--- Provided material Enclosed Below ---

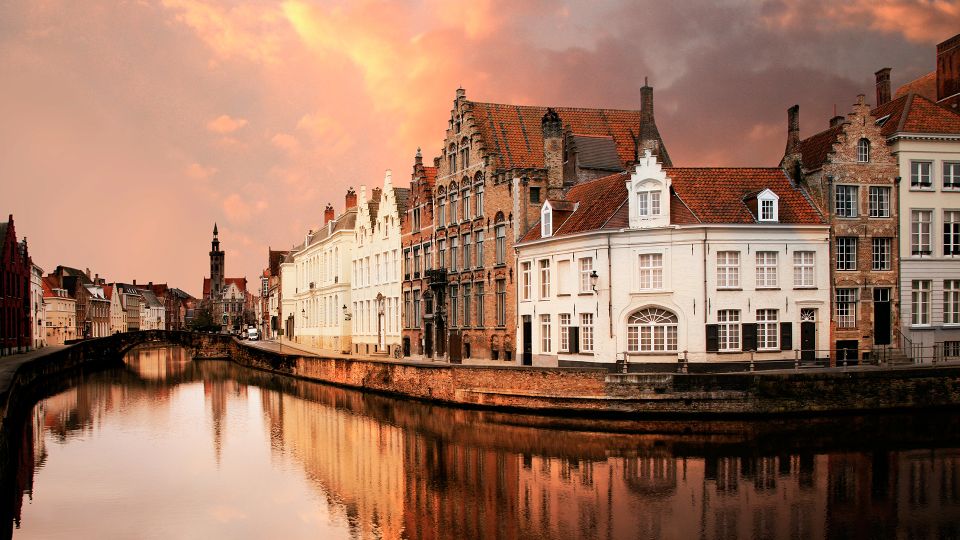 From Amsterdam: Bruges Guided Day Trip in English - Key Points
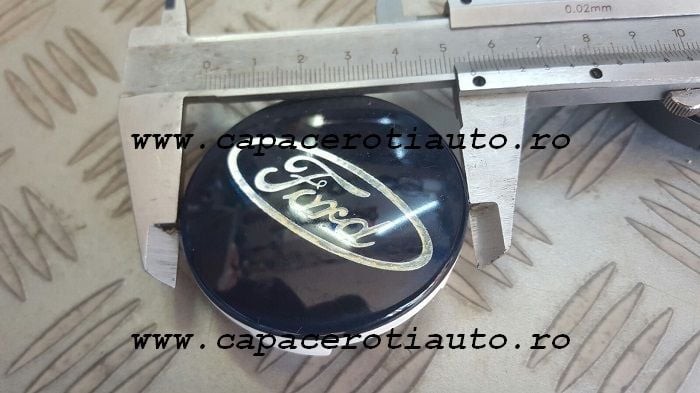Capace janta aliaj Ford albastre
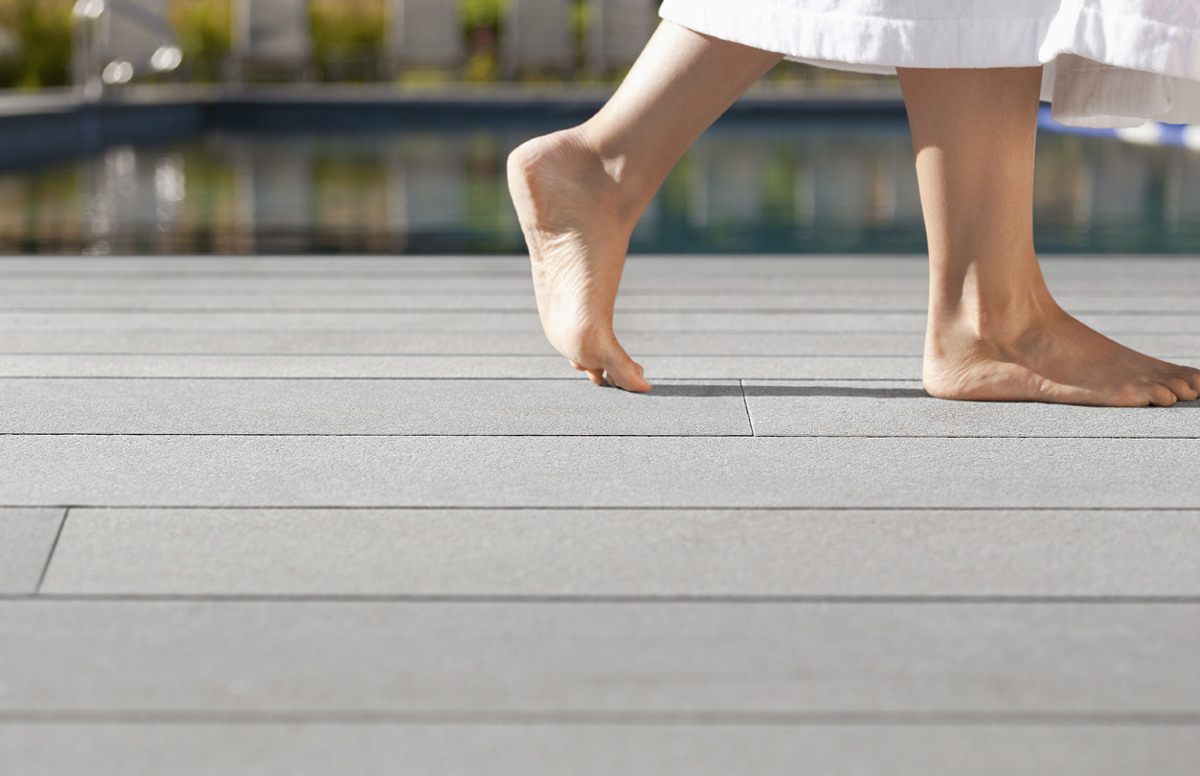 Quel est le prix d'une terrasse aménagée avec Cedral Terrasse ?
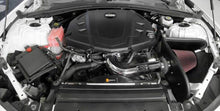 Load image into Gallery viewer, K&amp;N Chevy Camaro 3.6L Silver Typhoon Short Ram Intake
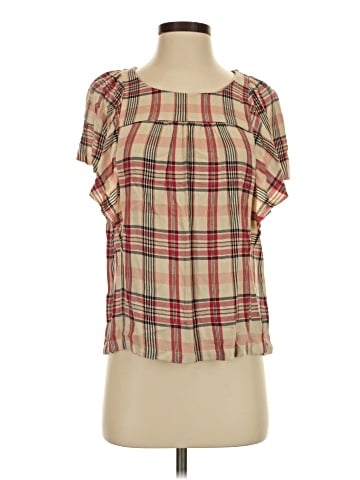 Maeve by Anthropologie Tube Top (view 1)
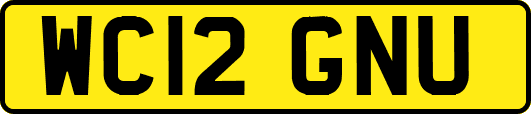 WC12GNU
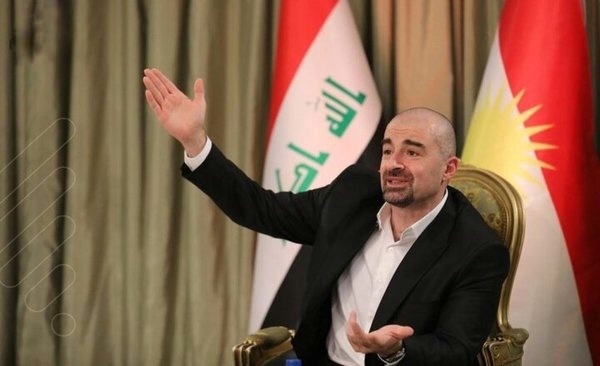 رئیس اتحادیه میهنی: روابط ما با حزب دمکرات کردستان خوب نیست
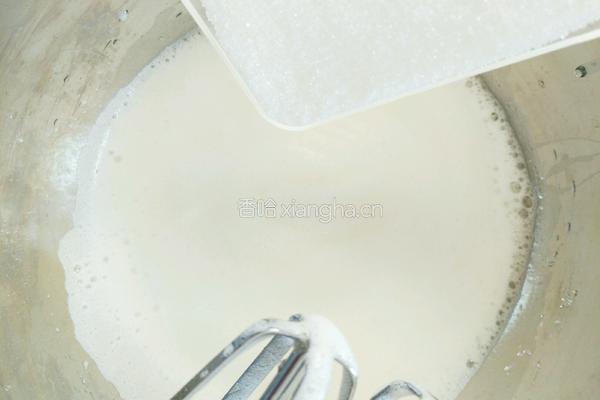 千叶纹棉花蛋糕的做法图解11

--- End of Enclosed Provided material ---

-- Assignment --
Ignoring the pictures, write out word for word only the lines from the one containing "Capace janta aliaj Ford albastre" through the last line of the data, both ends included.

-- Answer for the task --
Capace janta aliaj Ford albastre
 Quel est le prix d'une terrasse aménagée avec Cedral Terrasse ?
 Load image into Gallery viewer, K&amp;N Chevy Camaro 3.6L Silver Typhoon Short Ram Intake
 Maeve by Anthropologie Tube Top (view 1)
 WC12GNU
 رئیس اتحادیه میهنی: روابط ما با حزب دمکرات کردستان خوب نیست
 千叶纹棉花蛋糕的做法图解11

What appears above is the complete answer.